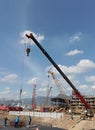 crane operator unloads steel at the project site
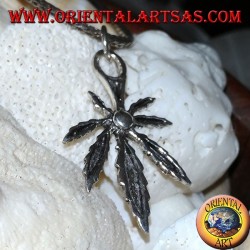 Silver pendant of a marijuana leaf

|---|

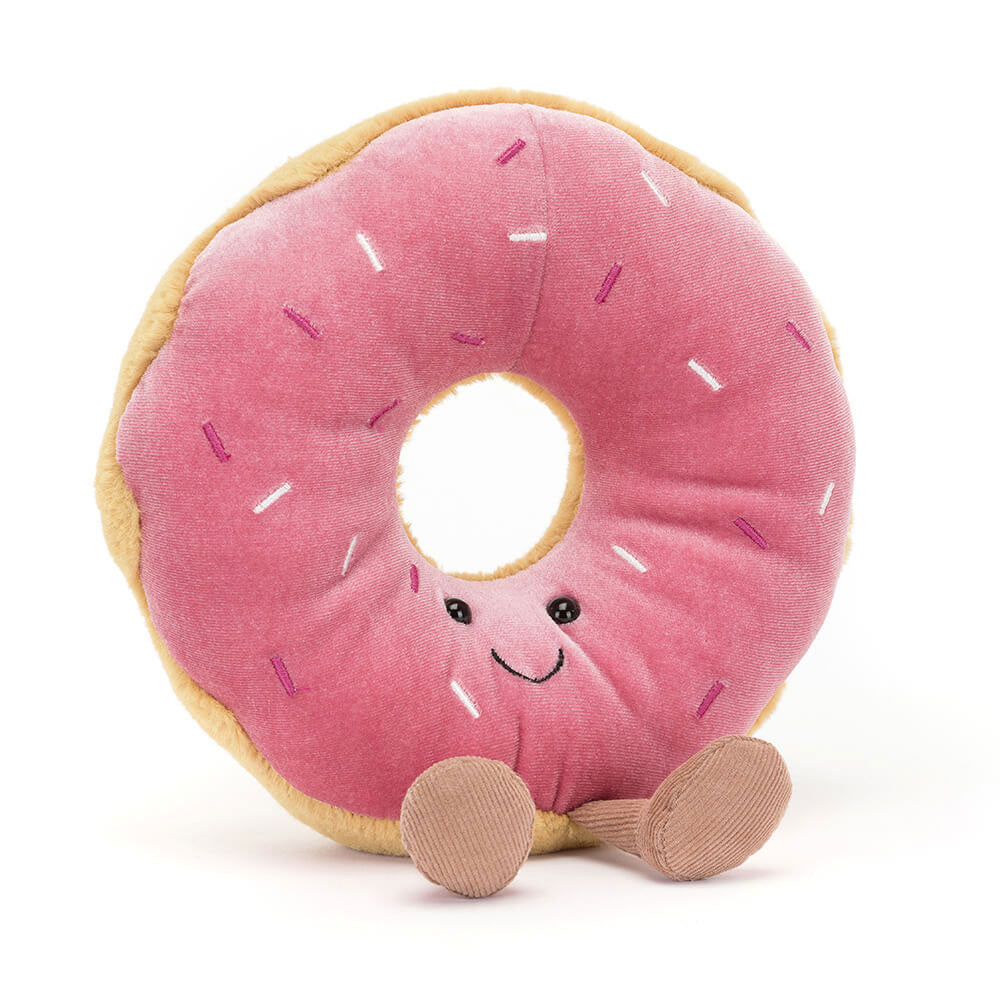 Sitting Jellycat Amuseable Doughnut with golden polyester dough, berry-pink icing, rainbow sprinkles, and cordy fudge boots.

|---|

> [About this exercise] In the records above, find the line with "crane operator unloads" and the line with "Silver pendant of a marijuana leaf". Write out exactly those lines and every one between, with no pictures and no other lines.

> [Answer box]
 crane operator unloads steel at the project site
 Silver pendant of a marijuana leaf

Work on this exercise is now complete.